● **Provided data**
☆ ☆ ☆

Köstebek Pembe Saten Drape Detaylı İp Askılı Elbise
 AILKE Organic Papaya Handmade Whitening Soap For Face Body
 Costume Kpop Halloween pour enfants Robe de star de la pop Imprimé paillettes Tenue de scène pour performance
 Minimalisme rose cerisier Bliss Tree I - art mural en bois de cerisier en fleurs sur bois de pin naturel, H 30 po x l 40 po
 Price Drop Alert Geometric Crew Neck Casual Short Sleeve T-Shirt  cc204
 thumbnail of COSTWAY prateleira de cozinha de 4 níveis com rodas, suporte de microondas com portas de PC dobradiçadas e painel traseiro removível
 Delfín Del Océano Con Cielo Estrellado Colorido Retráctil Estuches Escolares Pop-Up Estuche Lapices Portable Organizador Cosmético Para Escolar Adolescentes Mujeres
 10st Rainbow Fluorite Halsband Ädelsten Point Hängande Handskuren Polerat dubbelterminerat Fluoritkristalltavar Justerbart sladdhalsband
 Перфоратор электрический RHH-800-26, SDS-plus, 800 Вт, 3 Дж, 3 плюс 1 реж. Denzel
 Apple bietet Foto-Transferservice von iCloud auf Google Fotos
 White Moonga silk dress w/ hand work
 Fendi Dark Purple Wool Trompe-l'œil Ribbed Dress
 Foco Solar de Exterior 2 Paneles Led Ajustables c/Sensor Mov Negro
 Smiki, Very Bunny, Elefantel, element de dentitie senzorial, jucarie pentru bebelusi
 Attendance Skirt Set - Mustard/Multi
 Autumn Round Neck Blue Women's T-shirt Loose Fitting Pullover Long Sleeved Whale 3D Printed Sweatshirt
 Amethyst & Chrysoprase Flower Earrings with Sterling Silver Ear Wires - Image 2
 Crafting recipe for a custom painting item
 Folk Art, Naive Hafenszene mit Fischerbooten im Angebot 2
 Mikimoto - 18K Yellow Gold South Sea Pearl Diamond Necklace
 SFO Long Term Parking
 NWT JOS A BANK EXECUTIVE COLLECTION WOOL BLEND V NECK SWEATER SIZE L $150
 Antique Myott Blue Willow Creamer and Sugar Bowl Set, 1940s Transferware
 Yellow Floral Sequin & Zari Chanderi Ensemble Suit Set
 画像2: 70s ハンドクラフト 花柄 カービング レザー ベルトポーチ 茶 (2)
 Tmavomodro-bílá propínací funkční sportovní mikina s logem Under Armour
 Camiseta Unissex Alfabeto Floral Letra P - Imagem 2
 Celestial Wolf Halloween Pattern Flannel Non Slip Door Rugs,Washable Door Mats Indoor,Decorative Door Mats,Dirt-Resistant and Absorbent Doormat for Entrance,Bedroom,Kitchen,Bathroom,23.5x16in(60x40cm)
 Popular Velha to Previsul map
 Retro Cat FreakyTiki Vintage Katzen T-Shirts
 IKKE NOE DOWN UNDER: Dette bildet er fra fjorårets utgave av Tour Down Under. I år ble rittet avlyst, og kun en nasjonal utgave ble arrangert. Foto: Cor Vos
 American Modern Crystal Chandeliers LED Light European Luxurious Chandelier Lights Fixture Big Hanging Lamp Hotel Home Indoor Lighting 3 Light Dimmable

☆ ☆ ☆

● **Required work**
Only those lines of the entries above that run from the line containing "Price Drop Alert" to the line containing "Folk Art, Naive", both included, should be transcribed exactly.

● **Exercise solution**
 Price Drop Alert Geometric Crew Neck Casual Short Sleeve T-Shirt  cc204
 thumbnail of COSTWAY prateleira de cozinha de 4 níveis com rodas, suporte de microondas com portas de PC dobradiçadas e painel traseiro removível
 Delfín Del Océano Con Cielo Estrellado Colorido Retráctil Estuches Escolares Pop-Up Estuche Lapices Portable Organizador Cosmético Para Escolar Adolescentes Mujeres
 10st Rainbow Fluorite Halsband Ädelsten Point Hängande Handskuren Polerat dubbelterminerat Fluoritkristalltavar Justerbart sladdhalsband
 Перфоратор электрический RHH-800-26, SDS-plus, 800 Вт, 3 Дж, 3 плюс 1 реж. Denzel
 Apple bietet Foto-Transferservice von iCloud auf Google Fotos
 White Moonga silk dress w/ hand work
 Fendi Dark Purple Wool Trompe-l'œil Ribbed Dress
 Foco Solar de Exterior 2 Paneles Led Ajustables c/Sensor Mov Negro
 Smiki, Very Bunny, Elefantel, element de dentitie senzorial, jucarie pentru bebelusi
 Attendance Skirt Set - Mustard/Multi
 Autumn Round Neck Blue Women's T-shirt Loose Fitting Pullover Long Sleeved Whale 3D Printed Sweatshirt
 Amethyst & Chrysoprase Flower Earrings with Sterling Silver Ear Wires - Image 2
 Crafting recipe for a custom painting item
 Folk Art, Naive Hafenszene mit Fischerbooten im Angebot 2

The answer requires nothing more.